Exercise details -
Every line in the listing below from the one with "VINTAGE Tommy Hilfiger" through the one with "ARMANI Borsa cammello e canvas" is to be reproduced exactly, both ends included; leave out the rest.

Exercise inputs -
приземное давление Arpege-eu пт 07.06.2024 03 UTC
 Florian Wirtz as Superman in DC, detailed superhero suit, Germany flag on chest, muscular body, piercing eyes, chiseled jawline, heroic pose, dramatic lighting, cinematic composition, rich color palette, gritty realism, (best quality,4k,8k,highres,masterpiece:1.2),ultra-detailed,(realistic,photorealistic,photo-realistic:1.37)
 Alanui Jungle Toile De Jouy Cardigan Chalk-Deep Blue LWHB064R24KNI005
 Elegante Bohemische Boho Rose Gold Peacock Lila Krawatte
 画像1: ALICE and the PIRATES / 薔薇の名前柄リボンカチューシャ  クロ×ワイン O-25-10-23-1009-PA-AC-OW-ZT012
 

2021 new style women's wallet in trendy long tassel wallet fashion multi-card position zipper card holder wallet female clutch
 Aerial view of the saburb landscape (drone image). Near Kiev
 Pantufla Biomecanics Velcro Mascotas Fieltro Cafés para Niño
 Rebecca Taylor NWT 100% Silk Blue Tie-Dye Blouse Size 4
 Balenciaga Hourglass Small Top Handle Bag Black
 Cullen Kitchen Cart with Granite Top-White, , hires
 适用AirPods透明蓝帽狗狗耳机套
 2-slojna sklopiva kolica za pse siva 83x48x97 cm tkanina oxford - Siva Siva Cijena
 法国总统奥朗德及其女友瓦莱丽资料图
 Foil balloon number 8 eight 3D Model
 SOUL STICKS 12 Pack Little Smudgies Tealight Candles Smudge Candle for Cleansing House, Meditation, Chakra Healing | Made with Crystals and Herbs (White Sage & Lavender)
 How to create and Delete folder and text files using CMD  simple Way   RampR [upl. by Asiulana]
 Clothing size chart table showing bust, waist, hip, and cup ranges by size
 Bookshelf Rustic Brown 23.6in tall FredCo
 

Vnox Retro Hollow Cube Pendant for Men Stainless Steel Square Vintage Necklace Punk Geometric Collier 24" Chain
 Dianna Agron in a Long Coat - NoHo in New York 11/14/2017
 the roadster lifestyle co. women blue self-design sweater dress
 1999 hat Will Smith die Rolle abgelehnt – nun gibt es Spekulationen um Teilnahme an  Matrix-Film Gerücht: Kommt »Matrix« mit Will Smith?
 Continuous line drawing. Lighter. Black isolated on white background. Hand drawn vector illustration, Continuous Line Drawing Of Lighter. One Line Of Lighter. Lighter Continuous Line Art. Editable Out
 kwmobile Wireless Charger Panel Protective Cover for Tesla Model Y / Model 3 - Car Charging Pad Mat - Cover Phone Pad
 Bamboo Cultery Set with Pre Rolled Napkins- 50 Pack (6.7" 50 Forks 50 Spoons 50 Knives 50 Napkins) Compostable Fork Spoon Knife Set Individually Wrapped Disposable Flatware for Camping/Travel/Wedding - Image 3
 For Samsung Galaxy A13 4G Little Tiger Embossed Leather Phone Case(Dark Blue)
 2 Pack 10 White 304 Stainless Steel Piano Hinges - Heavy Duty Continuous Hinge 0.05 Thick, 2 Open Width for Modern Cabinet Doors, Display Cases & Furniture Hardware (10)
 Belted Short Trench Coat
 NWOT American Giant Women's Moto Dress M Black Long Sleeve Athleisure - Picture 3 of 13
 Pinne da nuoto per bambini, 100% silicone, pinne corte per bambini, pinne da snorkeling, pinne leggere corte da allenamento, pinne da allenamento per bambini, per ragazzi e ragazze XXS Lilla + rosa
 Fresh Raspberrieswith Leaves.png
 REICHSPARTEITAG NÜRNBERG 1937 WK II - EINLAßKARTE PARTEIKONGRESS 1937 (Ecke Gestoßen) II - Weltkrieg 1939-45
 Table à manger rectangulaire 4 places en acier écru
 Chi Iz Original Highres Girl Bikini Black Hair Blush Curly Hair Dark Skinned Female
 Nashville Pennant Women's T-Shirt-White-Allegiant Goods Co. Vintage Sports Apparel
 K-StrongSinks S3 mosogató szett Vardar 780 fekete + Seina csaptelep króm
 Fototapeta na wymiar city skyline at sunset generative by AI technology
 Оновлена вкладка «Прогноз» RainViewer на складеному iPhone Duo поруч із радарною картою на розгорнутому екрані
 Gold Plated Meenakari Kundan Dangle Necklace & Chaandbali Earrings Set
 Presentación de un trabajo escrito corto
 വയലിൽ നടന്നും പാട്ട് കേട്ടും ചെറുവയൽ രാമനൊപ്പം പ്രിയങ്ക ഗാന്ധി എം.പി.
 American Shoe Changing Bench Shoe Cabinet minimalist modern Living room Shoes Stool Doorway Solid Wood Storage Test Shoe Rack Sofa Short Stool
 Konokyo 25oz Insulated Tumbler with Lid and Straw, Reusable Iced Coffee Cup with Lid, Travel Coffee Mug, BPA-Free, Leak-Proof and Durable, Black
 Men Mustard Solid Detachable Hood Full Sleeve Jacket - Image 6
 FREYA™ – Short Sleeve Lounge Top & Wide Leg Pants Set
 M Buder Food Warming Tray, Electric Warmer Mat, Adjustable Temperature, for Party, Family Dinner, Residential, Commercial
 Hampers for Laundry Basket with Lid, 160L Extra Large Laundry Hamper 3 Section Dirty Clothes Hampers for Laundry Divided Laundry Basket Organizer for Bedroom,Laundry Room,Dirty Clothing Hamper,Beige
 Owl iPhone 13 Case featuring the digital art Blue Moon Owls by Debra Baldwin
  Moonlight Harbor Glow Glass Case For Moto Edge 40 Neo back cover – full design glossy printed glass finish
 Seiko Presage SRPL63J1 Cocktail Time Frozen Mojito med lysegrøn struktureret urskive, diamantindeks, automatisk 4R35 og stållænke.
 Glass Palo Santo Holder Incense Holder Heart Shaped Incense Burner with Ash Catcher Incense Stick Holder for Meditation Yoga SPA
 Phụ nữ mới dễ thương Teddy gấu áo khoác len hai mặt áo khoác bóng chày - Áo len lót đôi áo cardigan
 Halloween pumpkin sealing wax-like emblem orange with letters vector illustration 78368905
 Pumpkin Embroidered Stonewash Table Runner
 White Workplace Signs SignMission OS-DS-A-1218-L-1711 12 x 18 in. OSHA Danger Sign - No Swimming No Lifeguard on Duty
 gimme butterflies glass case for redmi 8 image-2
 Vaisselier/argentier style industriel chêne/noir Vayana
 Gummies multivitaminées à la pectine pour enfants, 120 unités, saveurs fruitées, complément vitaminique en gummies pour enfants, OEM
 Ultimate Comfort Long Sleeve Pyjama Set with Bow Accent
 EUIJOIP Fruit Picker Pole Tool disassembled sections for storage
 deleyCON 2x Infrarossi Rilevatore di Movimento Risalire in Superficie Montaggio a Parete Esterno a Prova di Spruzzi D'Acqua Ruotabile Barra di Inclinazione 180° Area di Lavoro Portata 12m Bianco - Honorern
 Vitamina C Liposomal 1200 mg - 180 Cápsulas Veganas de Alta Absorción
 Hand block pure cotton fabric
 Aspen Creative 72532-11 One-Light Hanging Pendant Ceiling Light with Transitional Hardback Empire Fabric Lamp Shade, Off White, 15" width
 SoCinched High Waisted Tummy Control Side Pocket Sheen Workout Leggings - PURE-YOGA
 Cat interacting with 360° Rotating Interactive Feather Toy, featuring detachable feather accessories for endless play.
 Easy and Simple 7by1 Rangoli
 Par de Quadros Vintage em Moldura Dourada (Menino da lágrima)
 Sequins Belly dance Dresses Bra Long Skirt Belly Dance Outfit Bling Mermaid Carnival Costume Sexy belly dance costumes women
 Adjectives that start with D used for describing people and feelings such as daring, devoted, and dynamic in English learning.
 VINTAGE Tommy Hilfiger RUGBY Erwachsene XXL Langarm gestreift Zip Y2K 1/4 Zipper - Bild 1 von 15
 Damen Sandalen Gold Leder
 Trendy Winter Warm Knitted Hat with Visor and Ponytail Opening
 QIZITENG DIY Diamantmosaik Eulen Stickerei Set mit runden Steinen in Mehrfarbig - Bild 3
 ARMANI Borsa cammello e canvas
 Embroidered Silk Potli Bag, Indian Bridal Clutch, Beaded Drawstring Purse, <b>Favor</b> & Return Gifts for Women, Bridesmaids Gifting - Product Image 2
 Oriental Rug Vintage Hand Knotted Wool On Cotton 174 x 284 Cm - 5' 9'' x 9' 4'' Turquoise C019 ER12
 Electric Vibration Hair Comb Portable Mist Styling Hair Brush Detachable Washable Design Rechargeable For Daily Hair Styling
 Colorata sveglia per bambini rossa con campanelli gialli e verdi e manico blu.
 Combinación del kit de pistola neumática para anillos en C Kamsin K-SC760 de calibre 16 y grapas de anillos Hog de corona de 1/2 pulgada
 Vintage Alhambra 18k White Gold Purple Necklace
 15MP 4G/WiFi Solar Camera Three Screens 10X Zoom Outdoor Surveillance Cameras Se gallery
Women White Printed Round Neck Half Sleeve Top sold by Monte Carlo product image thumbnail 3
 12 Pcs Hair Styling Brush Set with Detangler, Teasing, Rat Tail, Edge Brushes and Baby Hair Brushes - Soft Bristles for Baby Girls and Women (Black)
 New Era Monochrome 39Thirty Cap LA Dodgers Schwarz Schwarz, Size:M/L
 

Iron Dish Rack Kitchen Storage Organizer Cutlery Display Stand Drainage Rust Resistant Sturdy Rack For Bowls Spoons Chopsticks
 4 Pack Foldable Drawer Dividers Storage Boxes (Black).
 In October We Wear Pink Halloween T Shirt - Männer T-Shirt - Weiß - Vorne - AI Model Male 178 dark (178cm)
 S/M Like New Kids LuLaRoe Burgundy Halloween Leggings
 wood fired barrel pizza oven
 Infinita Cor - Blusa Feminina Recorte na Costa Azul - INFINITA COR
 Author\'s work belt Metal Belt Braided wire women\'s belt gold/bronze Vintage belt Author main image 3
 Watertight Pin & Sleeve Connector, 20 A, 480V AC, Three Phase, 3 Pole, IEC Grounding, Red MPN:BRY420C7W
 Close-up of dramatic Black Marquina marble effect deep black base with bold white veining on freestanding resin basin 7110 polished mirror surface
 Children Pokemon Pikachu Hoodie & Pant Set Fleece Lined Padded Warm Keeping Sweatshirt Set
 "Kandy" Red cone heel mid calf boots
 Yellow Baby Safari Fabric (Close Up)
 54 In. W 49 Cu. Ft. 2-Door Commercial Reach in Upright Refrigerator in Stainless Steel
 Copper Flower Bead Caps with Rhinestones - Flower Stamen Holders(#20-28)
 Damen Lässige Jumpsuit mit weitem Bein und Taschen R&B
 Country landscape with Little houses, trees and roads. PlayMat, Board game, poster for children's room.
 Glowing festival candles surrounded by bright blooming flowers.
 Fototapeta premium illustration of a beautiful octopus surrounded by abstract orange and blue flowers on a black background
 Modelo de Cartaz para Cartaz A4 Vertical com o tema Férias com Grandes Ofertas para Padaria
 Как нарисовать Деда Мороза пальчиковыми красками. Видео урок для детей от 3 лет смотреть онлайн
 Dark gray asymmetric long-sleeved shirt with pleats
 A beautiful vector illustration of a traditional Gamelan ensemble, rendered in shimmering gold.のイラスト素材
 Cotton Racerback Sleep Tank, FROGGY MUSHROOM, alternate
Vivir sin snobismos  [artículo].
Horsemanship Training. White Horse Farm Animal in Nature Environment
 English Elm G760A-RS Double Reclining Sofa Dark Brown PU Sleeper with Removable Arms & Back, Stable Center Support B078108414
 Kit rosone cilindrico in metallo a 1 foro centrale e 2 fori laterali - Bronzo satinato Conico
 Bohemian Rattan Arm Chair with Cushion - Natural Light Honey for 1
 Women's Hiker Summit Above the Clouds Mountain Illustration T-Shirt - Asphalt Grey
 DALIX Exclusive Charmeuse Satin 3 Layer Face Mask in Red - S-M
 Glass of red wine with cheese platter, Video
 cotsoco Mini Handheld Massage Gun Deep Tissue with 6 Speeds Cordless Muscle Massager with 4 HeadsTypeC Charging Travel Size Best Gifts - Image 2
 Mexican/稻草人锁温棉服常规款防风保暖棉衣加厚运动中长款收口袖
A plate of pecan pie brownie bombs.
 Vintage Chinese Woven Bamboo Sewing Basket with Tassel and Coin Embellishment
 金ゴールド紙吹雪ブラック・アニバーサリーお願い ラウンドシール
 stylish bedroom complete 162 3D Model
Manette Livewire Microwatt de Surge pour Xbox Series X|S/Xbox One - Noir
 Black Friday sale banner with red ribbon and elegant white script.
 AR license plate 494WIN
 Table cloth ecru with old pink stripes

Result below -
 VINTAGE Tommy Hilfiger RUGBY Erwachsene XXL Langarm gestreift Zip Y2K 1/4 Zipper - Bild 1 von 15
 Damen Sandalen Gold Leder
 Trendy Winter Warm Knitted Hat with Visor and Ponytail Opening
 QIZITENG DIY Diamantmosaik Eulen Stickerei Set mit runden Steinen in Mehrfarbig - Bild 3
 ARMANI Borsa cammello e canvas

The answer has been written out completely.